Its PT, fuck pullin’ over

Side-effect of last week’s nasty sickness is my left ear is blocked so you get the mono review of PT’s new horn-blasted get-buck anthem. Pastor Troy is that guy inside your head who knows today is Friday and its time to unleash the fucking fury, like “maybe a half hour early you can dip out without the boss seeing you” over double-time hi-hats. It’s some of that tear-the-shit-up stuff you love, enveloping classic distrust for the law, that amped energy that balls up in yr chest and ends up unleashed from your volvo speakers in the sunshine, with all the distorted, ear-bleeding force of a thousand trumpets, like a drunk wiling out in the streets at T.I.’s coronation, or later that night under dim red lighting with with all the apocolyptic power of a couple top-popped 40s, people shaking their heads n dreads, swinging elbows and glancing around like they lost control, convulsing and bumping, the living incarnation of aggressive don’t-give-a-fuck. Then you wake up the next morning reeking of Kool smoke and some girl’s cheap perfume with cherubs revolving around your head singing sweet echoes of “PT Cruiser”‘s chorus in yr ear:
POLICE CANT BREAK IT UP, CAINT NO BOUNCERS BREAK IT UP…

Pastor Troy – Police Can’t Break It Up

(out tuesday)

How We Act

A promo company finally sends us some music that doesn’t suck ass now if they could just stop emailing us about shit ass indie rock bands.
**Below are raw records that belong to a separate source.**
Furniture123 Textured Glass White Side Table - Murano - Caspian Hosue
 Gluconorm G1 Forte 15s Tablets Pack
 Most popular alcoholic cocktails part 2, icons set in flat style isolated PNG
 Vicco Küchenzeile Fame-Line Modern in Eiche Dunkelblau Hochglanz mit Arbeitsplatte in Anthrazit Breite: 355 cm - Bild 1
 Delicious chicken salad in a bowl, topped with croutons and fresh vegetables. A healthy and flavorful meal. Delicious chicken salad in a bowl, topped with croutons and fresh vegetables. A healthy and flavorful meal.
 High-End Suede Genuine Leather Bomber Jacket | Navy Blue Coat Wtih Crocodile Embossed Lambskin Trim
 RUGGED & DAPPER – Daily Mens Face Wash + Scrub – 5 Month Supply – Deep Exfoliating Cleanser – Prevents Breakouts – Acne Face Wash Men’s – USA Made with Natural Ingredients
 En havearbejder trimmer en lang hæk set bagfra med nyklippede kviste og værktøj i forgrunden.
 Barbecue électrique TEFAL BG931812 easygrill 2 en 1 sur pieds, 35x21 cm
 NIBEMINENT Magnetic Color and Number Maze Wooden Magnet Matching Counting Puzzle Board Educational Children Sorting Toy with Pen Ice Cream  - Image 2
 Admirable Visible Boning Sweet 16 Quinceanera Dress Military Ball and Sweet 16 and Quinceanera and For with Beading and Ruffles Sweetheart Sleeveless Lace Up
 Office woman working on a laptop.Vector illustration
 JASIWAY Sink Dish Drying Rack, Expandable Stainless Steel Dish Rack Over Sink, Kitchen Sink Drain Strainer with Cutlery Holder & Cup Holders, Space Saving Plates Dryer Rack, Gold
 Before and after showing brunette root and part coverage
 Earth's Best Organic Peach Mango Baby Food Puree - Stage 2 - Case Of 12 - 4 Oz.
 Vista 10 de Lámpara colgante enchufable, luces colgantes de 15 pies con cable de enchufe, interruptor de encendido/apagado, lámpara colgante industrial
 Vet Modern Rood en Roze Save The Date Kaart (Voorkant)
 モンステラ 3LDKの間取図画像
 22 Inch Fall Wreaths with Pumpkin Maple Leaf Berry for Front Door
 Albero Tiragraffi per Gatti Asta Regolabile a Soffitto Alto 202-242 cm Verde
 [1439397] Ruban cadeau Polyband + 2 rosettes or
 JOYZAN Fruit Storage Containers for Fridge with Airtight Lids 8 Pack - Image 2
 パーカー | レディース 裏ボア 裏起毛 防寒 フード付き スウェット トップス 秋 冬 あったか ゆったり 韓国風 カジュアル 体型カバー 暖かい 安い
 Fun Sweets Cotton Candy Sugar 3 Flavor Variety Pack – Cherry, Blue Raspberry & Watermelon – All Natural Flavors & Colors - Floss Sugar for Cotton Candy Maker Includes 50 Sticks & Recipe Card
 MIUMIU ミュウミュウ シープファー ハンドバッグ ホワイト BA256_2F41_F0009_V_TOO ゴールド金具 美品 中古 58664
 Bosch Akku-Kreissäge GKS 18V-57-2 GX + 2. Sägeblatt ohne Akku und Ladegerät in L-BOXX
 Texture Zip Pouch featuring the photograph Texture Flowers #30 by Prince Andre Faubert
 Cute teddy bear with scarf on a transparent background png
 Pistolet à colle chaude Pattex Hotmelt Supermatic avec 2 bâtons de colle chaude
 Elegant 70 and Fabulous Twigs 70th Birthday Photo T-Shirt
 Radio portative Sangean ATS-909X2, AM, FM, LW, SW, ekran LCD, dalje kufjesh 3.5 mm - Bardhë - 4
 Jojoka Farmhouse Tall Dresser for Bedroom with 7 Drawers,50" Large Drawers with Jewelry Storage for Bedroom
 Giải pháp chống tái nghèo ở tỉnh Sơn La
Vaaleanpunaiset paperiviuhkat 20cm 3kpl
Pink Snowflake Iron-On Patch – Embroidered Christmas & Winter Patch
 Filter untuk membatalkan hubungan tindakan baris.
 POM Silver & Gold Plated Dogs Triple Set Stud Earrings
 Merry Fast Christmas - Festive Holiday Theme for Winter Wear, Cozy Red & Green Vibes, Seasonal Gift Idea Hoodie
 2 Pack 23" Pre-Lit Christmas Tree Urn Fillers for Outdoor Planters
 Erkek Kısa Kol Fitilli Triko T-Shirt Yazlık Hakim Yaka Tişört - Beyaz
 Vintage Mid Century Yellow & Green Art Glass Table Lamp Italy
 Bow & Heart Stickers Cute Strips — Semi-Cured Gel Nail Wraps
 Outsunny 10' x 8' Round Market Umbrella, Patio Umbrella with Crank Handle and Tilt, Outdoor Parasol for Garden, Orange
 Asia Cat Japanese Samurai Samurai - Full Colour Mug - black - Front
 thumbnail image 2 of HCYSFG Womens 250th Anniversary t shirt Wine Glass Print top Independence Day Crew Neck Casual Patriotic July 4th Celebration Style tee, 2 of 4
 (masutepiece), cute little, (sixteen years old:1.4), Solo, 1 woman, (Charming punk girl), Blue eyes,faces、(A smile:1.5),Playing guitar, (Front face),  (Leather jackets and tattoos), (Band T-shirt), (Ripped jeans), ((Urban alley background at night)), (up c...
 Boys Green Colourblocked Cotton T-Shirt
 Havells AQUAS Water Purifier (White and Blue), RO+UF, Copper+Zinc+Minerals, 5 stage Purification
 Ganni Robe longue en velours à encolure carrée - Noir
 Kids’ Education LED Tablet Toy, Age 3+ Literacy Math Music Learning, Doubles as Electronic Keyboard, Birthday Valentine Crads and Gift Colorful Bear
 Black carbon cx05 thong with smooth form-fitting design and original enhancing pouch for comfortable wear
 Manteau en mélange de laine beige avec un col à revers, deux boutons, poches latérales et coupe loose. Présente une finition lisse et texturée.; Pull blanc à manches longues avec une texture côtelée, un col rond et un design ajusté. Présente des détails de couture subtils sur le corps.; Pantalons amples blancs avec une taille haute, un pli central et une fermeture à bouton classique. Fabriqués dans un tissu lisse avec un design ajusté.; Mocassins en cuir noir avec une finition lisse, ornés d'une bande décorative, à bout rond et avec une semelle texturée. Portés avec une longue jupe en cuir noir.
Anyways here is the new single by A3 off Wreckshop Records’ upcoming Da Heavyweighters: Tilting the Scale compilation. The release date is suppose to be May 2nd but we’ll see if that goes down. The line up looks like some champed out texas shit. They got Slim Thug, ESG, Z-ro, Lil O, Mike D, and most of the Wreckshop family. If you don’t know about Wreckshop and you give shit about houston rap then you probably should check them since their line up includes Big Moe, Big Pokey, Ronnie Spencer, Tyte Eyes, A-3, Dirty Dolla, D-Gotti, Noke-D, and Fat Pat was on it before he died.

A3 – How We Act windows
A3 – How We Act real

While I’m posting up texas shit here is the new video from the DSR camp. The song features Fat B, Tum Tum, and Big Tuck. It’s a black & white video because they wanted to do something that had never been done before.

In The Hood

Swang Remix

I slept through Southern Smoke 25. Had some awful sore throat but I drank last night anyway, and woke up this morning downing advil and living on green tea. So I’m spending another Friday night at home, bored and scalding my throat with hot drinks and saltwater, flipping through the new and improved Source, reading Matt’s Houston feature. And I got inspired to visit the rap-a-lot site. What do we have here:

Trae feat. HAWK and Pimp C – Swang remix

“Swang” was a laid back guitar-laced slow riding Houston anthem with a perfect video; the most memorable image is city lights sliding up the car hood, rolling in a cool, slow reflection of the song’s relaxed introspective guitar hook. The remix flips the beat, adding twinkling nighttime sparkles that shift the mood dramatically; it’s basically a new song, an even better fit for Trae’s graphite vocals. Gone is the melancholic, reflective nostalgia, replaced with uneasy chiming atmospherics, strange discordant uncertainty. Pimp C opens: “You got lots of friends when you’re up and when you’re ballin,” but he lets the obvious go unspoken; no mention how few folks went to see him when he was in prison, just cautioning haters because they know what’s coming. One of the better singles I’ve heard this year; when they reuse HAWK’s verse at the end it just sounds comfortable in this unsettling new setting.

Unstopable*


this is jah, about five or six years ago

Father Jah – The Real feat. Shon D

There’s an off-chance that you know Jah from commandeering B. Gozza’s no-show 2000 Scribble Jam battle slot and making it to, I think, the finals. Otherwise, he’s been doing it for a while here in Louisville, at least a decade, pounding the pavement, selling blue cassette tapes downtown long before it was ‘revitalized’ for the yuppies and tourists. His crew, Unstopable Recordings (formerly Ya Boy Nem/Dem Nigguhz) plays out pretty regularly and has put out about a hundred tapes, CDs, and DVDs over the years. This is off his upcoming album, Philosophies of a Modern Day Mastermind. I’ve heard better from Jah and Unstopable but the last line — about how we’ll just have the Derby on Algonquin this year while the city government tries to ban Broadway “cruising” — completely redeems any other shortcomings.